Extracted records:

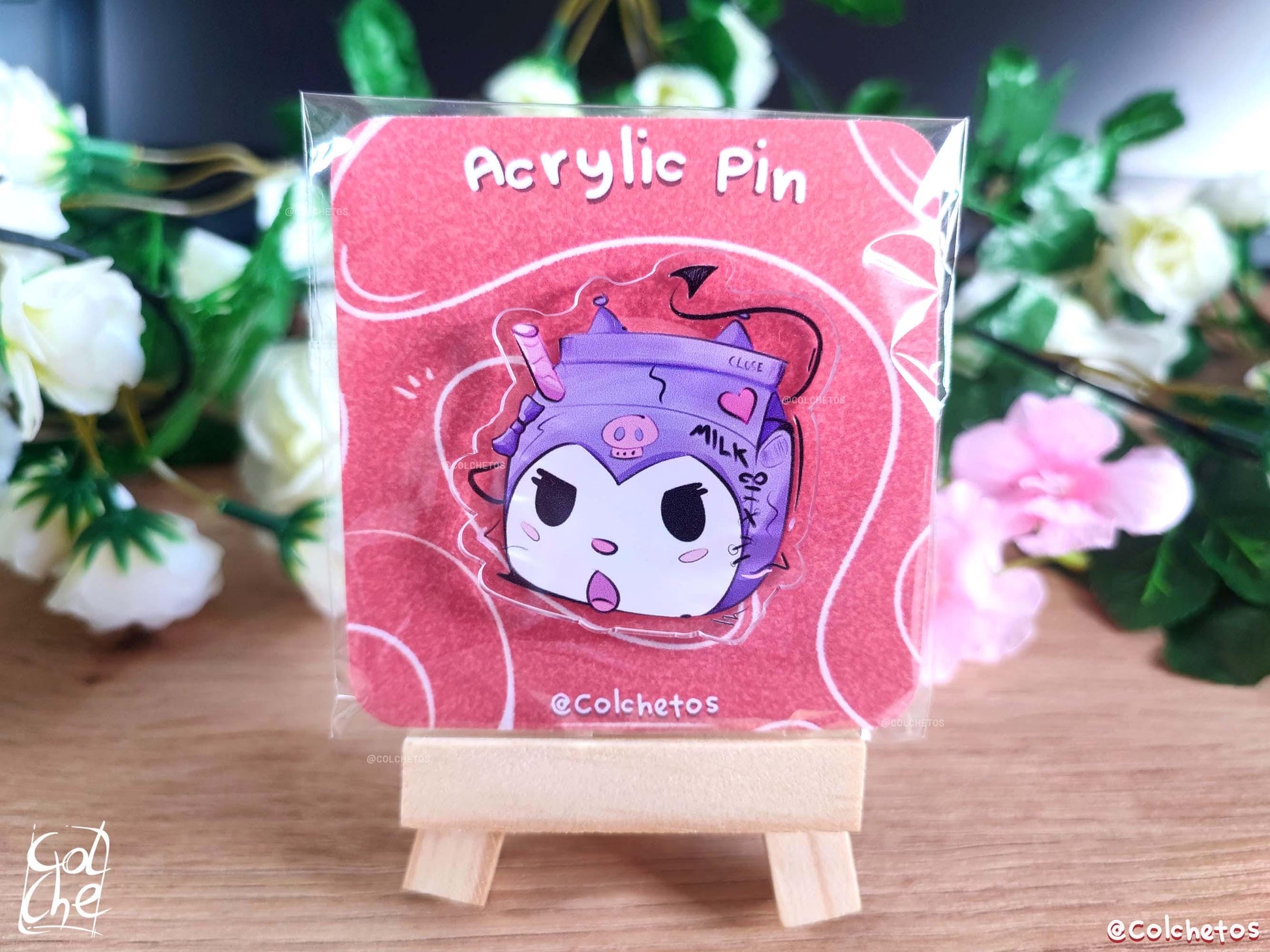 Kuromi Purple Acrylic Pin - Kawaii Milk Brick - Cute Kuromie | Kawaii Kuromie Pin | Pin regalo mochila - by Colchetos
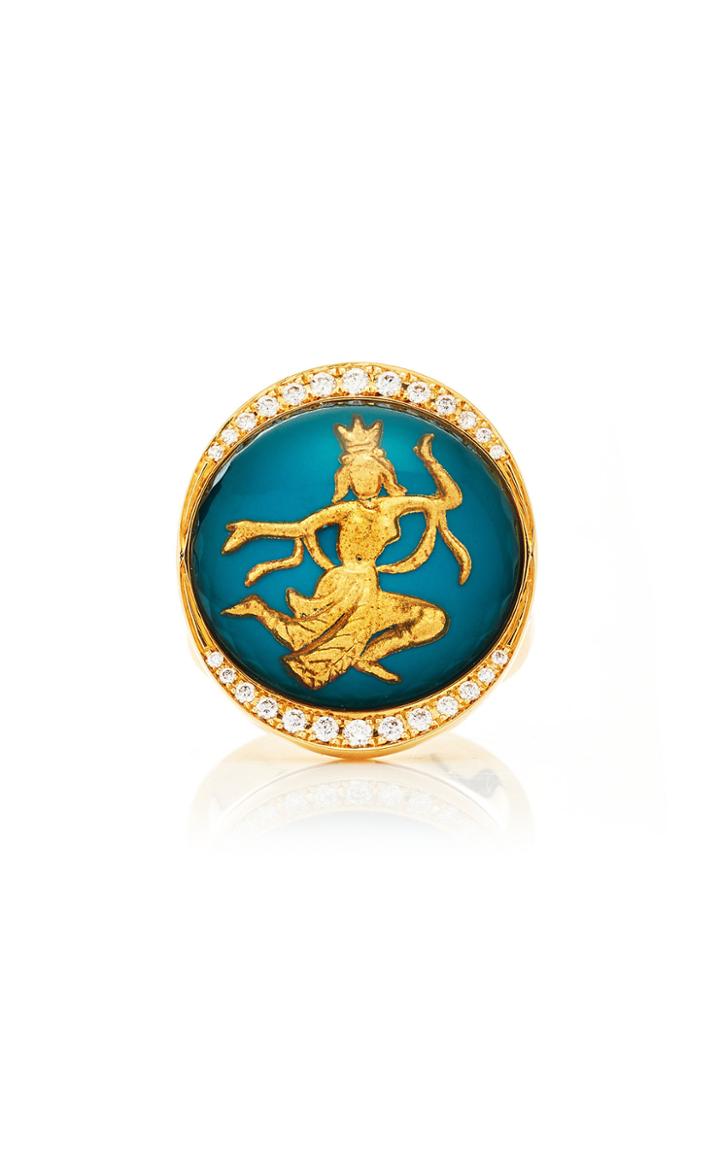 Moda Operandi Francesca Villa 18k Yellow Gold Indian Night Ring Size: 6.5
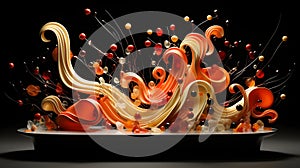 Dynamic Pasta Symphony: In a dynamic culinary choreography, an array of pasta shapes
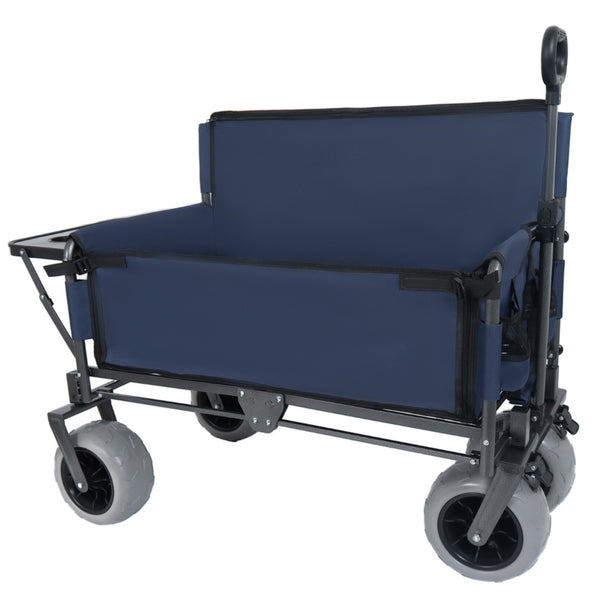 English Elm 3-in-1 Folding Wagon with Bench Seat Tabletop and All-terrain Beach Tires for Camping Dark Blue W2932P320636
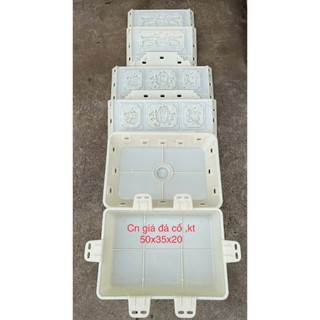 Khuôn đúc chậu chữ nhật giả đá kích thước 50x35 cao 20 cm chất liệu nhựa abs, dày dặn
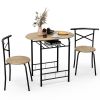 3 Pieces Dining Set Kitchen Breakfast Table Set Space Saving Wooden Chairs and Table Wood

● **The task**
Please output only the lines running from the one that holds "Dynamic Pasta Symphony: In" through the last line of the entries, both ends included, without any images.

● **Problem solution**
 Dynamic Pasta Symphony: In a dynamic culinary choreography, an array of pasta shapes
 English Elm 3-in-1 Folding Wagon with Bench Seat Tabletop and All-terrain Beach Tires for Camping Dark Blue W2932P320636
 Khuôn đúc chậu chữ nhật giả đá kích thước 50x35 cao 20 cm chất liệu nhựa abs, dày dặn
 3 Pieces Dining Set Kitchen Breakfast Table Set Space Saving Wooden Chairs and Table Wood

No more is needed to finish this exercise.